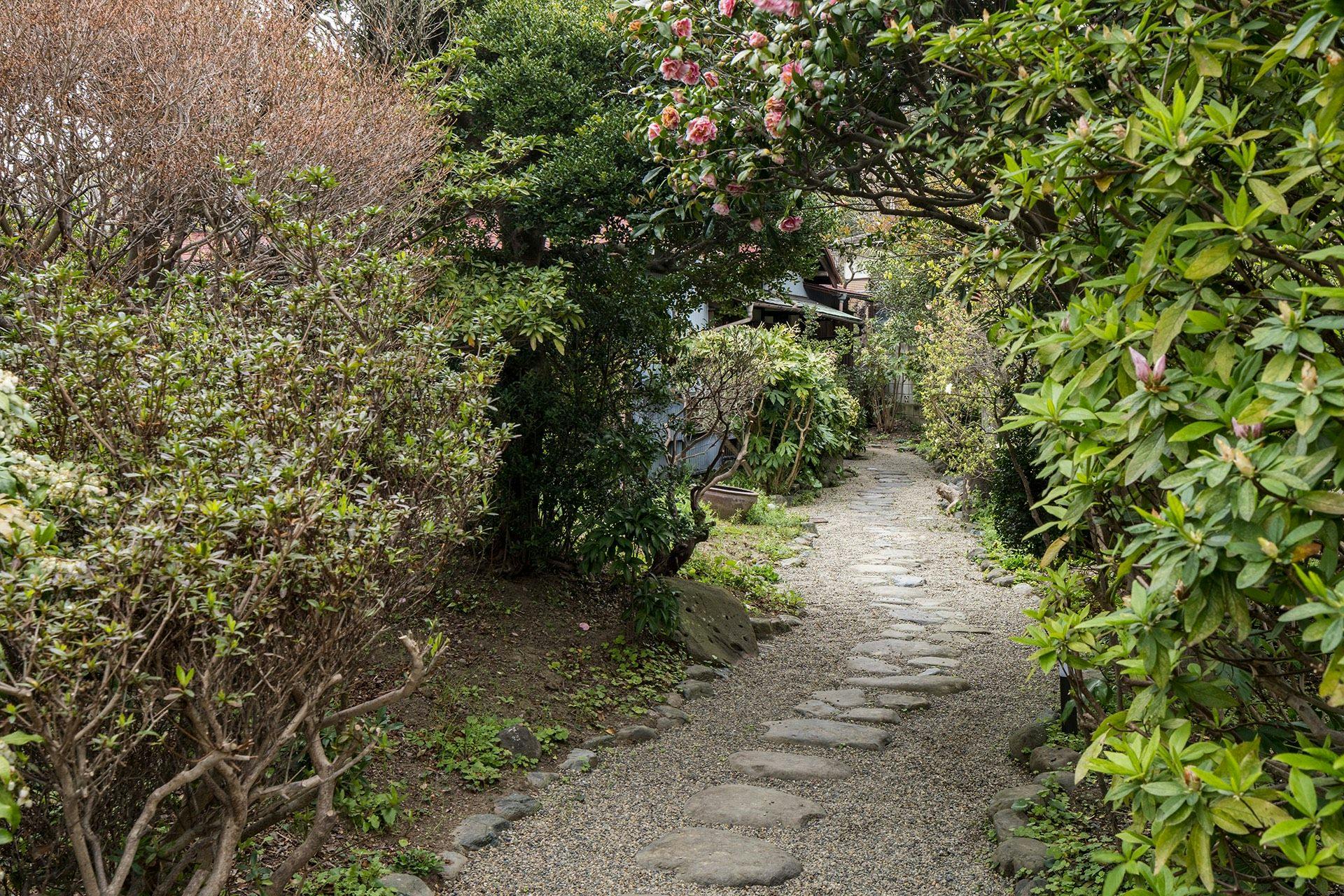 Hirano Residence -Hayama-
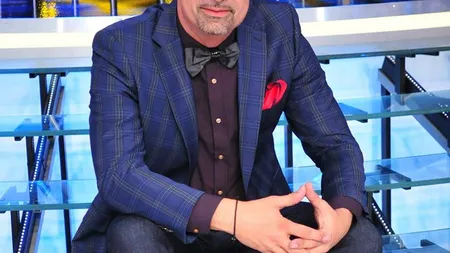 Aurelian Temişan, probleme grave de sănătate. Medicii chirurgi au intervenit de urgenţă. De ce suferă artistul FOTO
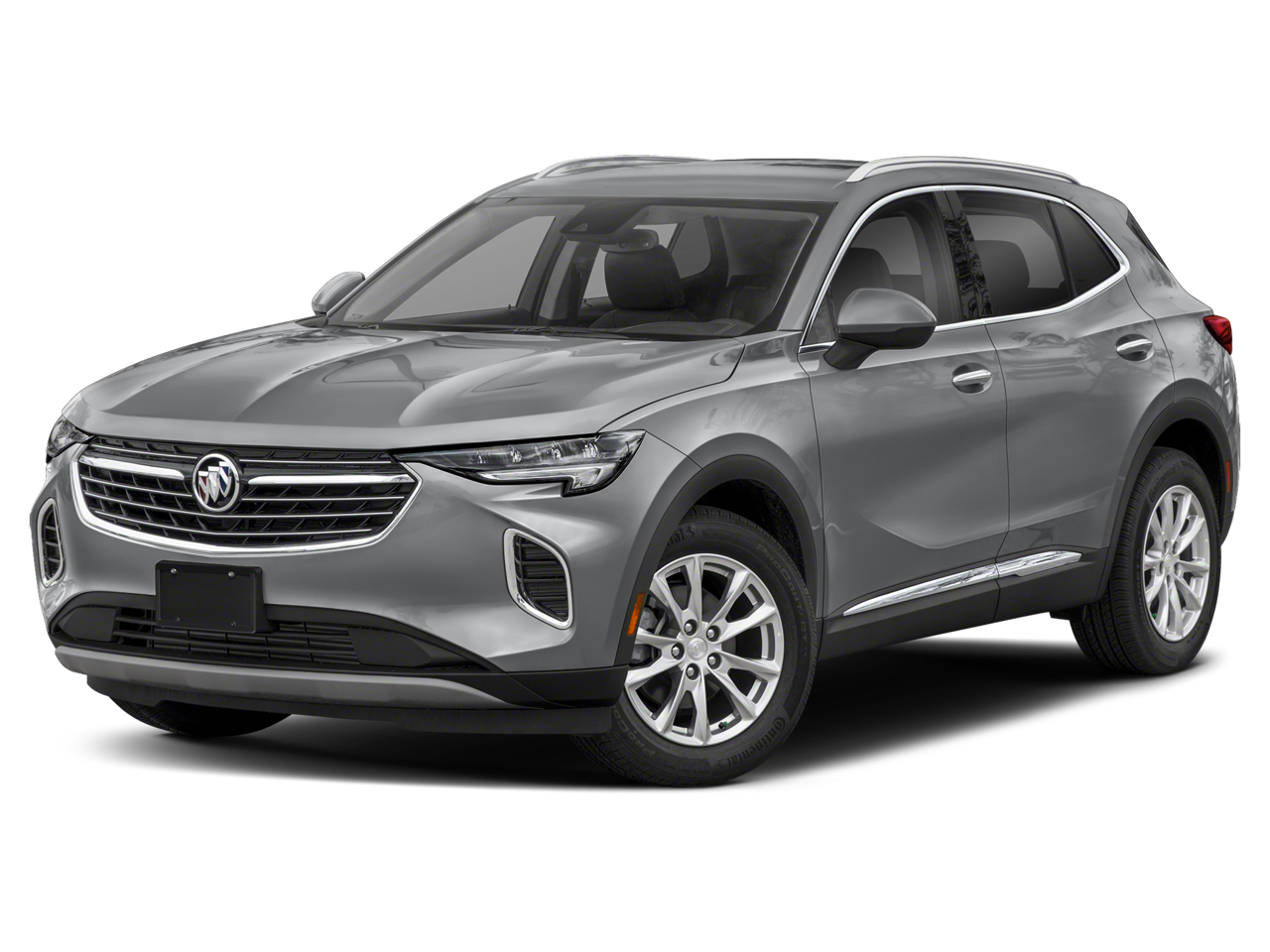 2023 Buick Envision Preferred - Photo 23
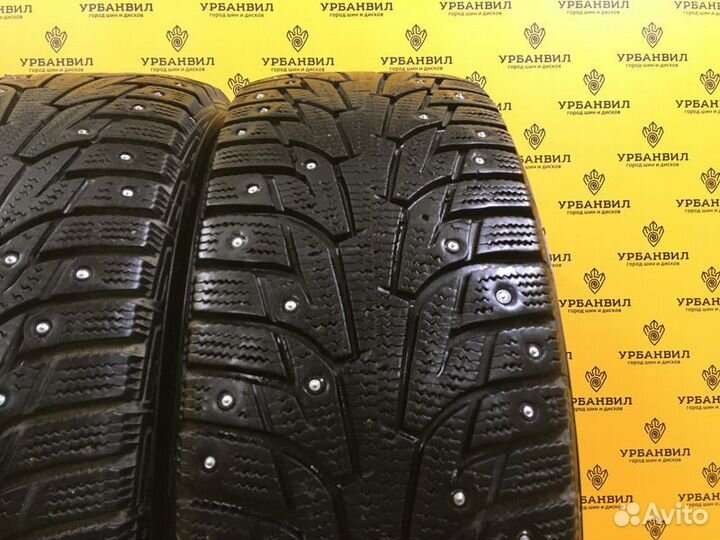 Hankook Winter I'Pike RS W419 215/60 R16 99T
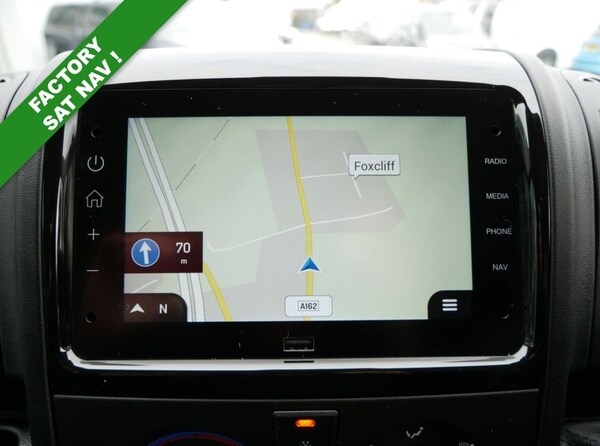 Used Citroen Relay 2023 for sale - 75321144: Photo 16
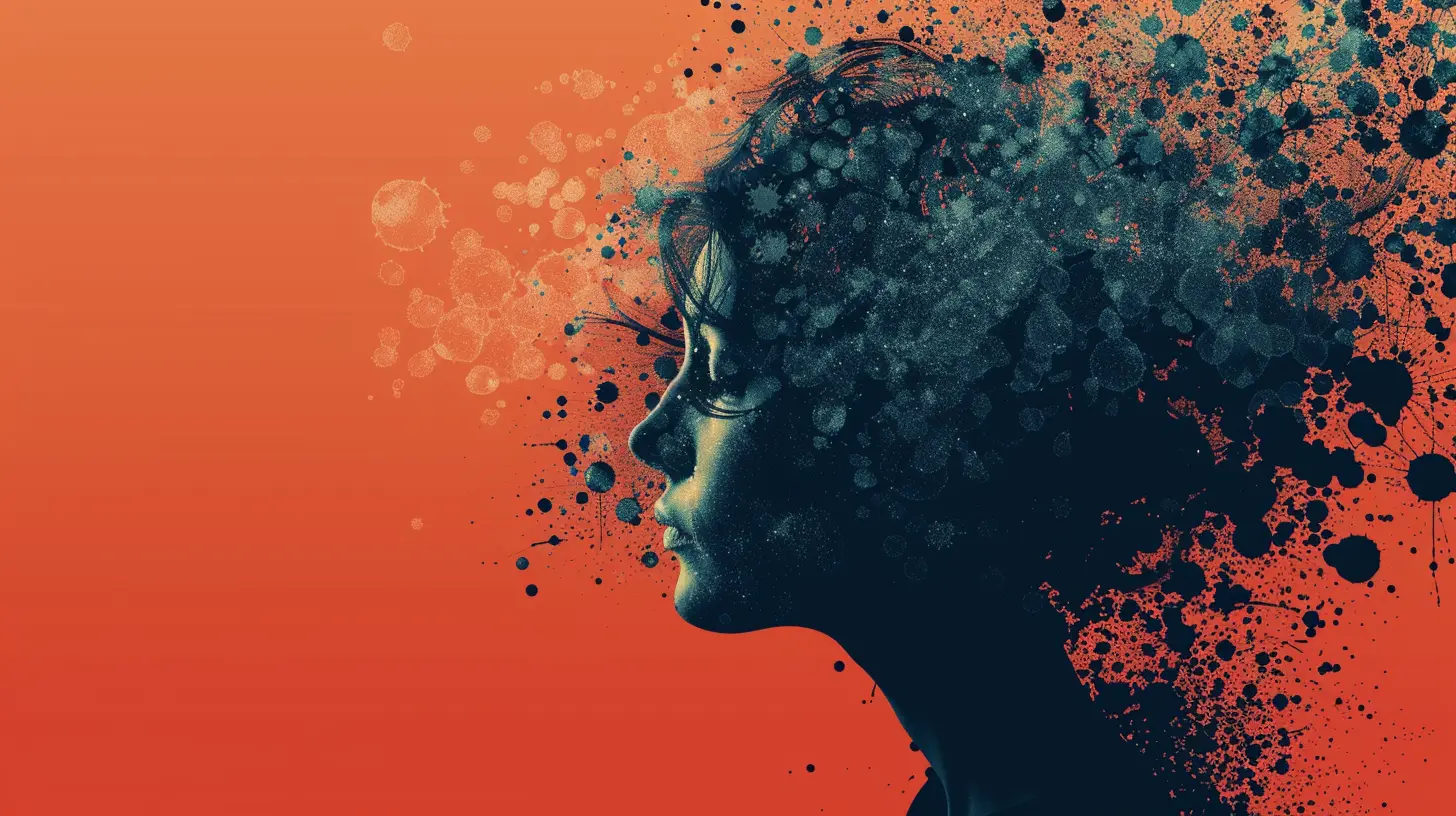 How Psychotherapy Can Help You Break Negative Thought Patterns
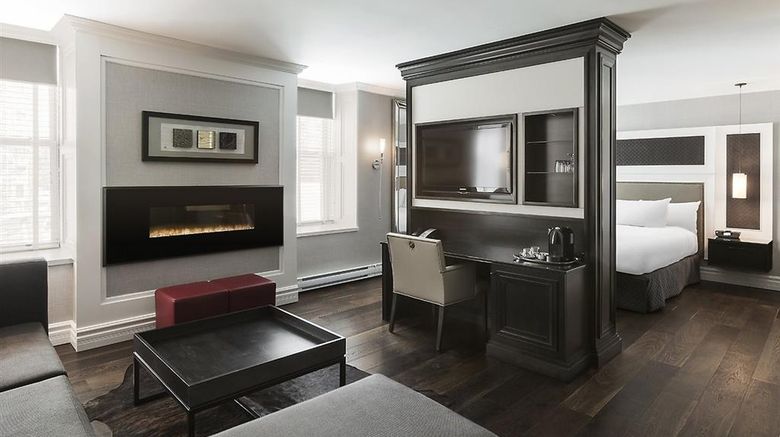 <b>Hotel Manoir Victoria Suite</b>. Images powered by <a href="https://iceportal.shijigroup.com/" title="IcePortal" target="_blank">IcePortal</a>.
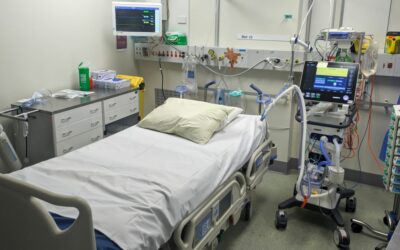 Everything You Need To Know About Reconditioned ICU Beds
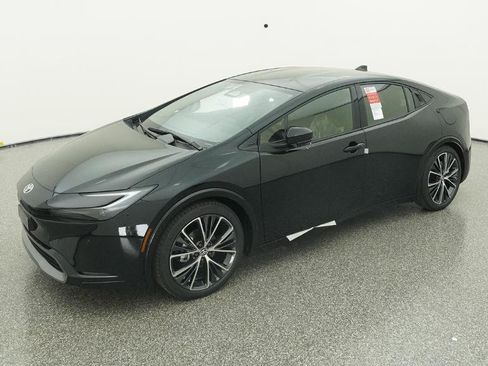 New 2026 Toyota Prius XLE FWD image 1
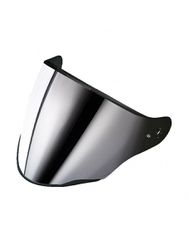 Caberg Ζελατίνα Flyon Mirror Silver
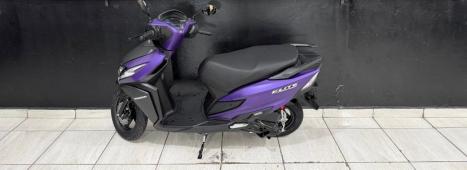 HONDA Elite 125 , Foto 2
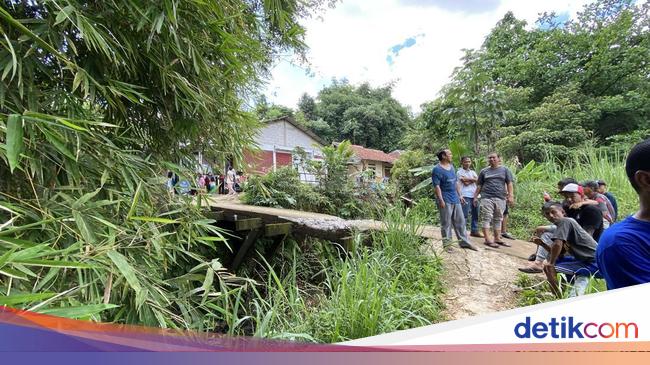 Warga di Cilodong Berselisih gegara Akses Ditutup, Pemkot Depok Turun Tangan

#### Problem requirements
Repeat the listing above up to and including the line with "Caberg Ζελατίνα Flyon Mirror Silver", starting from its first line. Drop any pictures.

#### Finished task
 Hirano Residence -Hayama-
 Aurelian Temişan, probleme grave de sănătate. Medicii chirurgi au intervenit de urgenţă. De ce suferă artistul FOTO
 2023 Buick Envision Preferred - Photo 23
 Hankook Winter I'Pike RS W419 215/60 R16 99T
 Used Citroen Relay 2023 for sale - 75321144: Photo 16
 How Psychotherapy Can Help You Break Negative Thought Patterns
 <b>Hotel Manoir Victoria Suite</b>. Images powered by <a href="https://iceportal.shijigroup.com/" title="IcePortal" target="_blank">IcePortal</a>.
 Everything You Need To Know About Reconditioned ICU Beds
 New 2026 Toyota Prius XLE FWD image 1
 Caberg Ζελατίνα Flyon Mirror Silver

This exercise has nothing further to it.